I'm sorry to hear of your dog being sick. I was searching the net yesterday. I just got to the point of narrowing my searches when I had to go somewhere. Could you let me this a form of cancer? You might try querying "DOG DISEASES" and go from there. If I had a brief discription of the condition, I might be able to get an exact match. But try "DISEASES", then "DOG DISEASES NOT CATS". I was frustrated because I felt like I was getting on to something and I had to go.

Lorrie, As promised this what I could find out. I offer you this reference from 'The Merck Veterinary Manual, Sixth Ed.': ...Congenital disorders of the spinal column and cord are many and include occipital dysplasia [dysplasia means: absence of some part of the body]. Occipital dysplasia refers to an abnormally large foramen magnum [def: foramen is a hole or opening. The word is applied particularly to holes in bones through which pass nerves or blood-vessels. The 'foramen magnum' is the large opening in the posterior aspect of the skull through which passes the spinal cord to enter the 'foramina' in each of the vertebrae of the spine. The nutrient 'foramina' are the holes in the shaft etc., of the bones which penetrate to the marrow cavity by which blood and lymph vessels and nerves pass to and from the marrow cavity] that results from a developmental defect of the occipital bone. The condition is commonly observed in small or toy breeds of dogs, usually as an incidental finding on skull radiographs. It is not believed to cause clinical signs [symptoms that you would notice]. I offer you this reference from 'Black's Veterinary Dictionary, 16th Ed., Edited by Geoffrey West: "...the occipital bone lies in the part of the skull which forms the occiput and can be felt as a hard bony plate in most animals.
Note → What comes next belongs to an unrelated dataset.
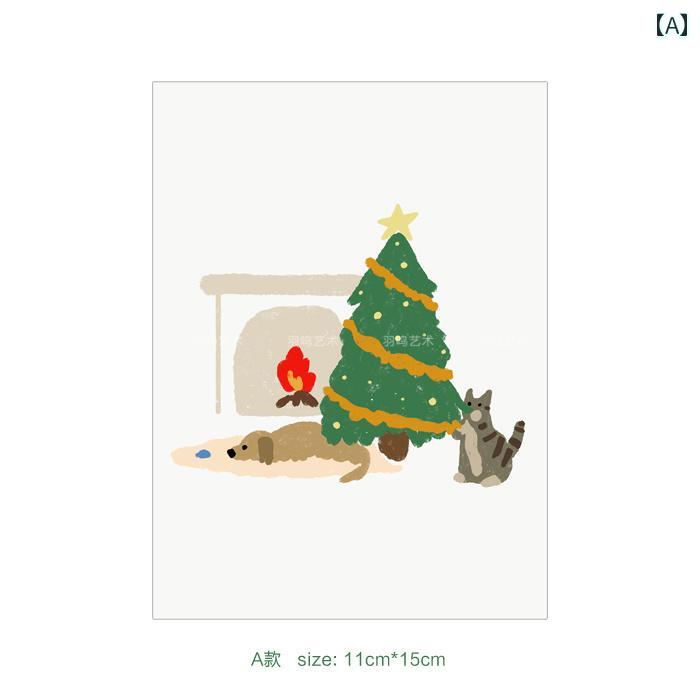 グリーティングカード ポストカード 韓国 かわいい キャラクター クリスマスツリー 子犬 癒し系 メッセージカード お祝い プレゼント ギフト お礼 文房具 雑貨 frontop-13215165 フロントップ楽天市場店 サンプル画像2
Some of the neck muscles are attached to the occipital bone, and the powerful ligamentum nuchae, which is the main supporting structure of the head and neck, is inserted into the prominence that can be felt between the ears." I could not find a prognosis on this condition. I imagine by now you have a prognosis from your vet. If it isn't too much trouble, I would be most interested in hearing how your dog is doing and what is the prognosis. I will keep your little one in my prayers. Our Pixie Bella is resting by my feet now as I am submitting this to you. Pixie Bella told me to tell you she offers her condolences as well.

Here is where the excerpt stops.